I cant state this enough and intend to comment on it regularly as it is of the utmost importance and that is back-testing. You must back-test your theories and prove that they have an edge before putting any of your hard earned money into the market. Believe me it is just too easy to loose, I know as I have lost plenty by not adhering to these rules in the past.
I currently use a product called Forex Tester which allows me to back-test all my ideas with ease, I will do a separate review on this soon as it is an excellent tool and would be the best investment anyone could make to improve their odds of success. - Secondly a set of rules that are conditional for taking a position. This could be for an example the daily trend is up so we are looking to go long. We need a break of a downward sloping trend-line on a four hour chart with a thrusting price bar showing high demand.

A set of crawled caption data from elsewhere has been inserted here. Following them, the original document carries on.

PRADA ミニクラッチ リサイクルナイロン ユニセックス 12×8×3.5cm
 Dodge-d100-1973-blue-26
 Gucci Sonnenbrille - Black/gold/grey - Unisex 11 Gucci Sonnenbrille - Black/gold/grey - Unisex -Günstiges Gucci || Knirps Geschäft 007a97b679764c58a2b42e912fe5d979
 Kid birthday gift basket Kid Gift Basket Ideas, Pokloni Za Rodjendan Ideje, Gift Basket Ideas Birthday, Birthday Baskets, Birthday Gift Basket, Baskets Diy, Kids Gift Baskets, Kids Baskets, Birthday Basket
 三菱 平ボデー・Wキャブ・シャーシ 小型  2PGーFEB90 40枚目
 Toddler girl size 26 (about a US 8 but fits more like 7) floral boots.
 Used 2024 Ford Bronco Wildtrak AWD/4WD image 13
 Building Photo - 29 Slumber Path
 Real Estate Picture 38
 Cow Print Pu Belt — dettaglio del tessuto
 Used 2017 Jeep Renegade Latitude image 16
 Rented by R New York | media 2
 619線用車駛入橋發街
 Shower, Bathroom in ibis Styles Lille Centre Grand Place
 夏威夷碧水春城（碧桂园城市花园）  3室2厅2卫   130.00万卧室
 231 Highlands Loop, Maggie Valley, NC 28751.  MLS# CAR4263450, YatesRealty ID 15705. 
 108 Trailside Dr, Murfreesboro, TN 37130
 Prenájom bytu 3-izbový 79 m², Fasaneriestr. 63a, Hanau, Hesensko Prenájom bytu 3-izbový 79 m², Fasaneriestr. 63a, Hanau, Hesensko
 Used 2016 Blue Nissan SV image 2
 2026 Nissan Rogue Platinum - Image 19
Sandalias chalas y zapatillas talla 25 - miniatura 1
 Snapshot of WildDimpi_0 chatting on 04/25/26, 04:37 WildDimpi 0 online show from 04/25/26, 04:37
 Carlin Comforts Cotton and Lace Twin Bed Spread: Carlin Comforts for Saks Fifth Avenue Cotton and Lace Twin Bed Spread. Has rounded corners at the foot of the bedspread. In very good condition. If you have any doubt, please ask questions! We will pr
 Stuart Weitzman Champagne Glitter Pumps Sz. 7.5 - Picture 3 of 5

So we now have a place and a reason to take a position, we now need to look for a logical place to position our stop and then we can calculate our position size.
STOPS
- When placing a stop you have to consider a logical place to position your order. there are a number of things to consider here because if it is to close to the action you are more likely to have your stop hit and if to far away from the action then this can limit the size of the position you can take. The things that I generally consider are.
- Where is the nearest major support or resistance levels.
- Where are the closest round number levels as these can also be considered major support and resistance levels.
- If as in the entry example we used previously with the trend line break we would need to consider a retest of the trend-line so this would also be a consideration.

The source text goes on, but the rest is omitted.